An einem aber besteht kein Zweifel: Reinhardt spielte genußvoll mit der „Offenbachiade“, beim „Orpheus“, bei der „Schönen Helena“.
Was ist eine Offenbachiade: Spiel im Spiel, das Spiel mit der Maske; die Inversion, denn nichts ist so wie es scheint – Umkehrung einer Realität in die Irrealität. Gepaart mit der Lust am Schaugepränge, an der Illusion … ein schwereloses, unterhaltsames Spiel, doch nie nur Unterhaltung an sich, ironische – satirische Kritik am Zeitgeschehen, an den Zeitgenossen.
In „Orpheus in der Unterwelt“ geht es um außereheliches Vergnügen aus Langeweile, Frustration; Orpheus ist ein langweiliger Konservatoriumsprofessor, der auch zu allem Überdruß auch noch komponiert und mit seinen Kompositionen Euridike, seine Frau quält, worauf sie sich anderweitig – als Revanche – vergnügen will. In der „Schönen Helena“ geht es nur noch um Sex, Liebe und Vergnügen. Musikalisch ist „Orpheus“ eher ein Pasticcio, mit musikalischen Zitaten, Anspielungen auf Volkslieder u.a. Lieder (Zitat der „Marseillaise“ beim Aufstand der Götter), Komponisten – Verstorbene wie Zeitgenossen(Meyerbeer).
„ Die Schöne Helena“ hat Offenbach musikalisch „befreit“, er hat an musikalischer Ausdruckskraft gewonnen (das soll genügen, alle weiteren Details findet man in der einschlägigen Literatur). Anders als im „Orpheus“ – die Verführung setzt die Handlung erst in Gang – ist in der „Schönen Helena“ die Verführungszene , d.i, die Traumszene – „Es ist ein Traum …“ der Höhepunkt und Drehpunkt der Handlung. Und sie ist im Sinne Offenbachs keine Offenbachiade. Sie ist ein Spiel um Sex und Liebe mit etwas Zeitsatire.
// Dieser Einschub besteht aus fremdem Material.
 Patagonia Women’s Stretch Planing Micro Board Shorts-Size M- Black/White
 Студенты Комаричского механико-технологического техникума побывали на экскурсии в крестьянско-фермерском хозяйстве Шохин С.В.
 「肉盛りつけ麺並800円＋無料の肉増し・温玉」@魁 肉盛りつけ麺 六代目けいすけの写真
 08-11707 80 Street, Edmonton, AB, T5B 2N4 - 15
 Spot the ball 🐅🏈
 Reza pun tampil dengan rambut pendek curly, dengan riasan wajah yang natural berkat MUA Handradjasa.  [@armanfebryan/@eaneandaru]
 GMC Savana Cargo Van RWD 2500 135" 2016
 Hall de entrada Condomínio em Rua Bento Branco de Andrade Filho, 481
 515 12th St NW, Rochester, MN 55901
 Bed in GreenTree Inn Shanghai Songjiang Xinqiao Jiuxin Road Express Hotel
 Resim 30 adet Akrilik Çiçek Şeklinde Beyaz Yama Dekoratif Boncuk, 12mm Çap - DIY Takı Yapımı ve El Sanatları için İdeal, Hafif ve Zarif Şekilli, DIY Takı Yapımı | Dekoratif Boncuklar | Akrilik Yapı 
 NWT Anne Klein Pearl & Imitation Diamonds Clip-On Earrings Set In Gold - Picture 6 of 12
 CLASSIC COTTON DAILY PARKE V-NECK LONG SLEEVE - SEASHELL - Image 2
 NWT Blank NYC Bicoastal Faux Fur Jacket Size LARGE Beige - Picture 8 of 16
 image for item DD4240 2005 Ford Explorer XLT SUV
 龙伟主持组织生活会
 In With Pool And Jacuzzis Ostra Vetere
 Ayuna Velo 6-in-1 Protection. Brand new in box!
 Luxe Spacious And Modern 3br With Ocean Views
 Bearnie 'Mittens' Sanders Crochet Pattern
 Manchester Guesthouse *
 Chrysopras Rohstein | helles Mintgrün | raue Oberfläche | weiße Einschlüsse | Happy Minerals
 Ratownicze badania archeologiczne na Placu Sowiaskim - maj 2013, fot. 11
Erich Mühsam bekommt von Max Pallenberg „ein prächtiges Freibillett“ in dem fast ausverkauften Haus und notiert in seinem Tagebuch (Heft 5) am 16.Juli 1911:
- … Die Schöne Helena von Offenbach ist unter Reinhardts Regie zu einer ganz köstlichen Humorleistung geworden. Man mag gegen Reinhardt sagen was man will, er ist doch der einzige, der Theater spielen kann, und das ist wohl sein wertvollstes Verdienst, daß er einem wieder ins Bewußtsein gebracht hat, daß Theater Theater und nicht Wirklichkeitskopie ist. Er arbeitet mit Farben, Bewegung, Tönen, Abstimmungen – und so gehört es sich auf der Bühne. Es gab Bühnenbilder (Ausstattung von Ernst Stern), die ganz blenden schön waren. Die Offenbachsche Musik klang herrlich durch den Raum, eine so einschmeichelnde, tänzerische, zierliche Musik, wie sie wohl nie wieder geschrieben werden wird. Und gespielt wurde köstlich. Der Menelaus von Pallenberg wird mir in seiner Komik unvergesslich sein. Den Agamemnon gab Zettl in meiner Maske, sogar der Kneifer fehlte nicht, blos war er viel länger als ich. Die Helena spielte Mizzi Jeritza , die eine sehr schöne Stimme hat, den Calchas Gustav Charlé sehr lustig. Rudolf Ritter sah als Paris sehr gut aus und sang recht schön. … Die Inszenierung war ganz glänzend. Sehr wirksam ein Steg, der durch den Zuschauerraum auf die Bühne führte, und von dem aus – also mitten durch die Zuschauer hindurch ein großer Teil der Mitwirkenden auftrat.. Lustige Einfälle in hellen Haufen. Eine Glanzleistung Reinhardts, deren Eindruck sich in stiller Selbsteinkehr sicher kein Snob entzieht. …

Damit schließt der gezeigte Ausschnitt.